Outsourcing Projects

Thursday, June 11, 2009

Web Design Tips: The Laws of Ecommerce Navigation Design

CSS, Flash, jQuery, and an arsenal of other powerful web techniques and technologies have unbound website design, creating the opportunity to develop either exceptional user interfaces or really frustrating ones.

Furthermore, the growth of "cookie-cutter" ecommerce templates (i.e., “insert your logo here”) has quelled site concepts with great potential and made some ecommerce pages as bland and tasteless as a papier-mâché popsicle.

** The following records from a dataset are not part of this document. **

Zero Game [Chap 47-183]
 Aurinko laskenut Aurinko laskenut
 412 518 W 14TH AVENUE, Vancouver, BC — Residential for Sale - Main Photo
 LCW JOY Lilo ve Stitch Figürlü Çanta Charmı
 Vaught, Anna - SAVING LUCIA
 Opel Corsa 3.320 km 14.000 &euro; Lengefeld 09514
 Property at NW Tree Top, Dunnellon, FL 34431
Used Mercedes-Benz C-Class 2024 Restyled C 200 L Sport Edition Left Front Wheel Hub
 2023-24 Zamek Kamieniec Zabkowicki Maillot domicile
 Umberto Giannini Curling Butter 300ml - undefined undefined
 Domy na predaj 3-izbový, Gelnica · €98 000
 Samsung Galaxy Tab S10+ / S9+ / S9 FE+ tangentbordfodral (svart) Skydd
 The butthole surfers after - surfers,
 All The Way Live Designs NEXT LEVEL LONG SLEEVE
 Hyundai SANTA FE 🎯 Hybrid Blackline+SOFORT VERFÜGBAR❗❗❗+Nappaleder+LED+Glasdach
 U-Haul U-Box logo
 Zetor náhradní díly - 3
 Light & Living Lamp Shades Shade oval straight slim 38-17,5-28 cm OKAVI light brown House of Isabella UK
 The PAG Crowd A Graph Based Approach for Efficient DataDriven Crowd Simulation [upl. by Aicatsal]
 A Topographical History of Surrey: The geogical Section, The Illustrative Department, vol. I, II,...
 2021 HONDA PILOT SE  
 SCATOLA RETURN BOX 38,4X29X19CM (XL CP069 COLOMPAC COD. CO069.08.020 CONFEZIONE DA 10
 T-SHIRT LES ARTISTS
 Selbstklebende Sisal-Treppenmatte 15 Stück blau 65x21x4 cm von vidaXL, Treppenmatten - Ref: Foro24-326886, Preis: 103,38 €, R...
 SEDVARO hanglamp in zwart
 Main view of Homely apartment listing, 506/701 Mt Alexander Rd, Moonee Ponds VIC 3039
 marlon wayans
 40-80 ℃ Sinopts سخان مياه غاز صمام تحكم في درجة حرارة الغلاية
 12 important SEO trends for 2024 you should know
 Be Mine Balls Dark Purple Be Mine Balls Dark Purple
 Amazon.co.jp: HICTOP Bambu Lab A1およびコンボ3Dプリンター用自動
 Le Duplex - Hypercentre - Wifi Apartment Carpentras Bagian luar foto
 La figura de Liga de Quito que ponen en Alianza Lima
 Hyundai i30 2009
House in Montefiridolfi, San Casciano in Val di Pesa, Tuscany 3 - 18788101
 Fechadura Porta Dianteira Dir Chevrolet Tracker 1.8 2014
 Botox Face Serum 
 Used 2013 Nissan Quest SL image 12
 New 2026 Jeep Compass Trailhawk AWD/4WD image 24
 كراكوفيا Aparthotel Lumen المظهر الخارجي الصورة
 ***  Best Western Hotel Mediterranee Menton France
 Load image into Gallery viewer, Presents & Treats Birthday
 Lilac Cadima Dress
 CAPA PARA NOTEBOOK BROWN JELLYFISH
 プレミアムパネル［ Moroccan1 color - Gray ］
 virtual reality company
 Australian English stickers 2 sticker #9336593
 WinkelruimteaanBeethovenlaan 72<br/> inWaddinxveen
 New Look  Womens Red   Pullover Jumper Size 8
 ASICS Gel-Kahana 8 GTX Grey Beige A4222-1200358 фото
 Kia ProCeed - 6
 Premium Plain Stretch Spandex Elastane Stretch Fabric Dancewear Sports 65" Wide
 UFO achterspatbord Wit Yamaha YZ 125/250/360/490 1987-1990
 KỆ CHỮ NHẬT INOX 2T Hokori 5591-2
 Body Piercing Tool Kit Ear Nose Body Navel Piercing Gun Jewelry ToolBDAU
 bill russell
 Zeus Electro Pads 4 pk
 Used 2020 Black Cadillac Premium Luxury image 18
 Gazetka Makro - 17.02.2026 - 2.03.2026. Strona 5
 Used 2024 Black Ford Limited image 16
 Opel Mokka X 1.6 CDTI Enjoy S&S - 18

To avoid the pitfalls of a site design that is too confusing, too ugly, or too experimental to be effective, the ecommerce site owner must strike a balance between leading-edge techniques and technologies, effectiveness, and aesthetics. So, in this edition of "Web Design Tips," I'll outline the laws for ecommerce site navigation design to help any ecommerce business.

Shoppers browsing to an ecommerce store don't want to be baffled by navigation. As I implied above, there are a lot of amazing things that you can do with site navigation that you shouldn't.

As a specific example, the agency Publicis & Hal Riney has developed site navigation that responds to gestures captured via web cam. The effect is stunning, and is an excellent way to demonstrate development talent. But as navigation, it is really frustrating. And if an ecommerce site deployed anything like it, I'd bet that they would never make a sale again.